Bazı anlar vardır, adranelini ayak parmaklarında bile hissettiğin, zevkini doruklara kadar çıkaran, hiçbir şey kullanmadan bedenini sarhoşmuş gibi hissettiren anlar...
İnsanlar bazen o adranelini ve zevki doruklarında hissetmek için canını ortaya koyar.İşte bizlerde o insalardandık...
İstediğimiz süre boyunca hiçbir şekilde güvenlik önlemi almadan, epinefrin kullanarak, canımız pahasına oynadığımız bu yarışın birer parçasıydık. 7 kişiydik...
Sare, Keskin, ben ve daha benim tanımadığım 4 kişi. Keskin'in arkadaşlarıydı sanırım.
Canımızı ortaya koymuştuk ve hiçbirimiz ölmekten veya ölümden korkmuyorduk. O zaman nasıl zevk alabilirdik ki?
"Efken!" Kafamı kurcaladığım Keskin'in motorundan kaldırıp Sare'ye doğru döndüm.
"Başlıyor muyuz?" Bulunduğumuz yer bir bardı fakat arka tarafında büyük bir yarış alanı vardı. Bu geniş yolda motorbisiklet yarışları yapılıyordu. Çok sık geldiğimiz mekanda her zaman yapılmasına rağmen, ikinci defa yarışa katılacaktım.
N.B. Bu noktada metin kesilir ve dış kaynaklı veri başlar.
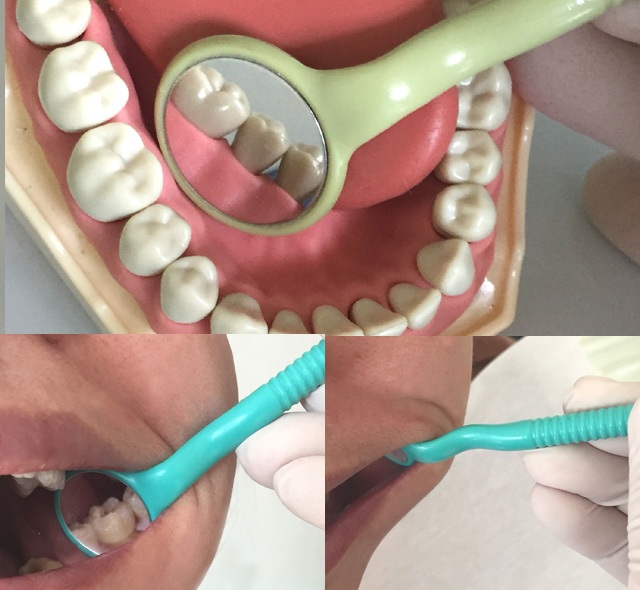 Buy dental autoclavable two sided mouth mirrors (per pc) , Dental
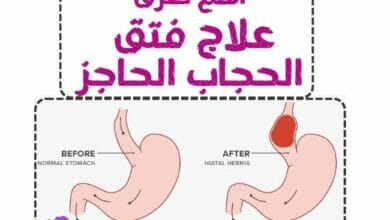علاج فتق الحجاب الحاجز hiatal hernia treatment
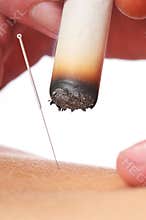 Acupuncture and moxer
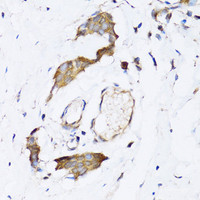 Immunohistochemistry of paraffin-embedded Human breast cancer using NAA10 Polyclonal Antibody at dilution of 1:100 (40x lens) .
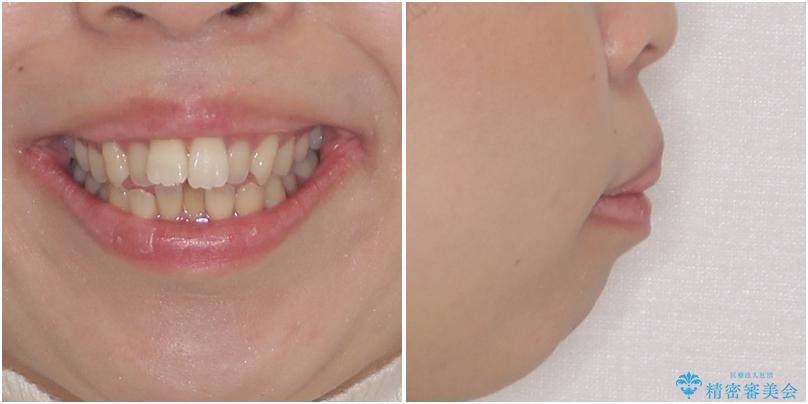 Eラインを改善したい　ハーフリンガルによる抜歯矯正の治療前（顔貌）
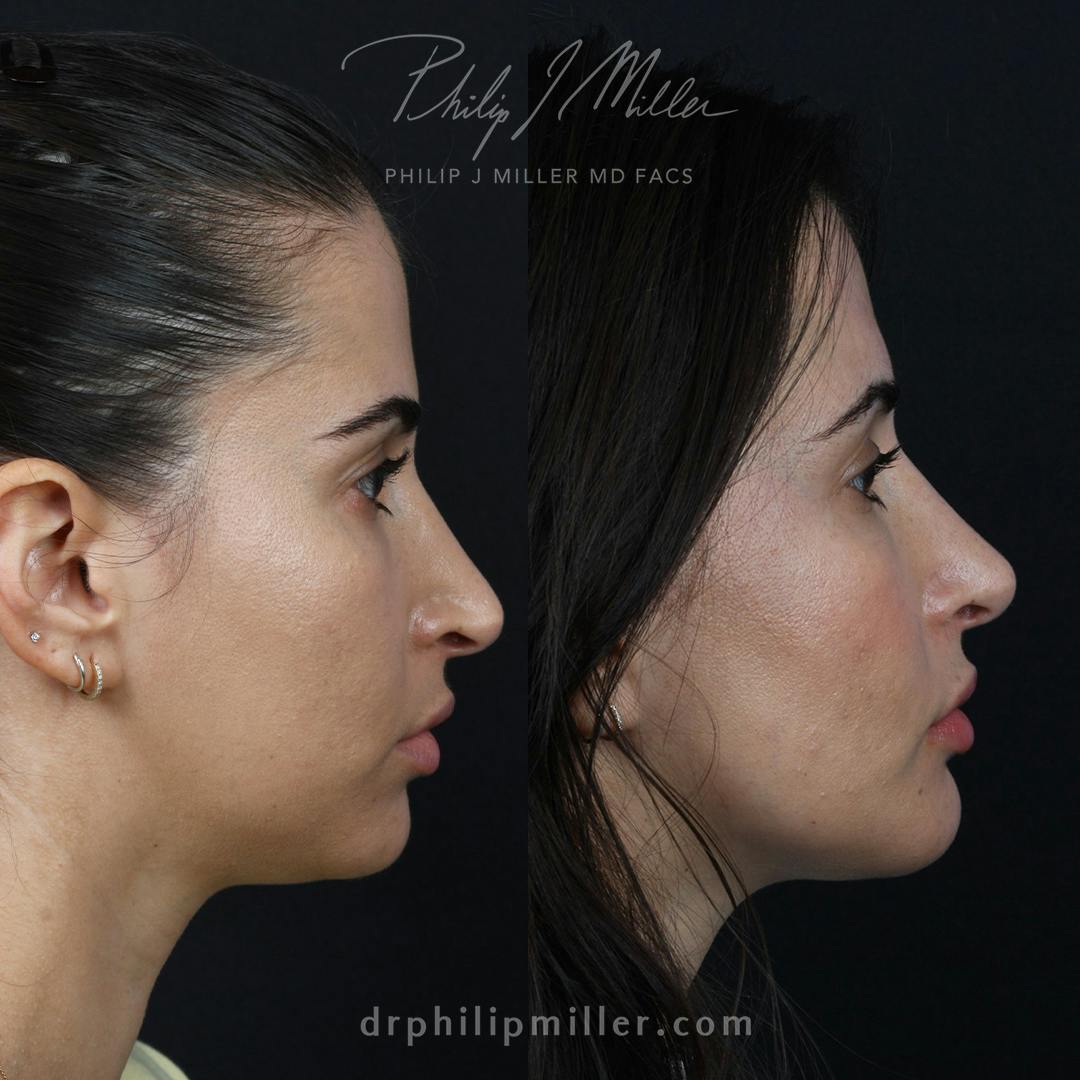 Rhinoplasty/NatraNose Before & After Gallery - Patient 529019 - Image 2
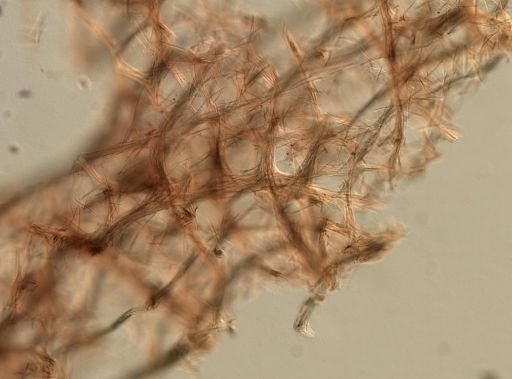 cf. Dasychalina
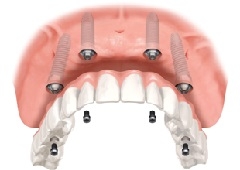 Saznajte sve što ste oduvijek željeli znati o zubnim implantatima!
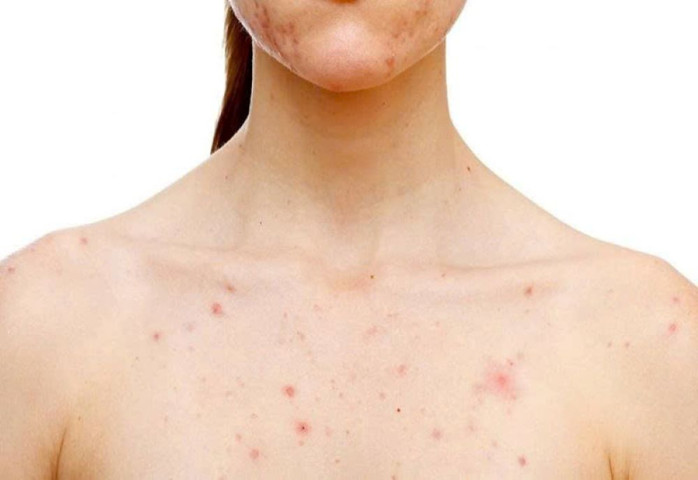 Detox thải độc gan: Hiệu quả thật hay chỉ là trào lưu?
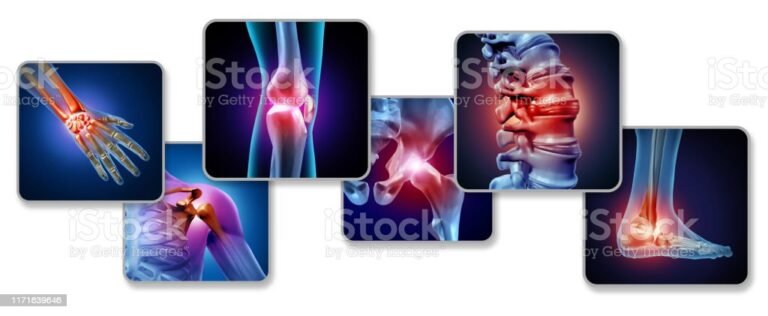 Knee Pain: Investigating Non-Injury Causes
Annemden bu gece Sare ile kendi evimde kalacağımı söyleyerek zar zor izin almıştım ve evden ayrılıp yarışa gelmiştik.
Babam başıma gelenleri anneme anlatmıştı ve bu yüzden üzerime olan baskıları daha da artmıştı. Fakat babam sayesinde bu gecelik çıkabilmiştim.
"Gel bi ortalık karıştı." Kaşlarım çatılırken yanına doğru ilerleyip beni kolumdan tutup çekiştirmesine izin verdim. Barın girişindeki kapının orda Keskin ve orta yaşlı bir adam tartışıyordu.
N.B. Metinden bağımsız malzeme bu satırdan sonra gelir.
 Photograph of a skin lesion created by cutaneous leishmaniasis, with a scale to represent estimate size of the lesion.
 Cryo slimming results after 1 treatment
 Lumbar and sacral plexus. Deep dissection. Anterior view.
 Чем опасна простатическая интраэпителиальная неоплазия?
"Hayatta olmaz Necip abi! Onların ne kadar tehlikeli kullandığını bilmiyor musun? Yarışa kızlarda katılacak. Onların hayatını tehlikeye atamam." Merakla Keskin'in yanına doğru ilerleyip bana bakması için kolunu tuttum.
"Neler oluyor Keskin?" Diye soruverdiğimde Necip abi dediği adam Sare ile bana ters ters bakınmayı sürdürdü. Sinir katsayılarım artmaya başlıyordu.
"O zaman seninle yarışacak başka kızlar bul. Burada oyun oynamıyoruz, bulamazsan da burayı onlar gelmeden terk et."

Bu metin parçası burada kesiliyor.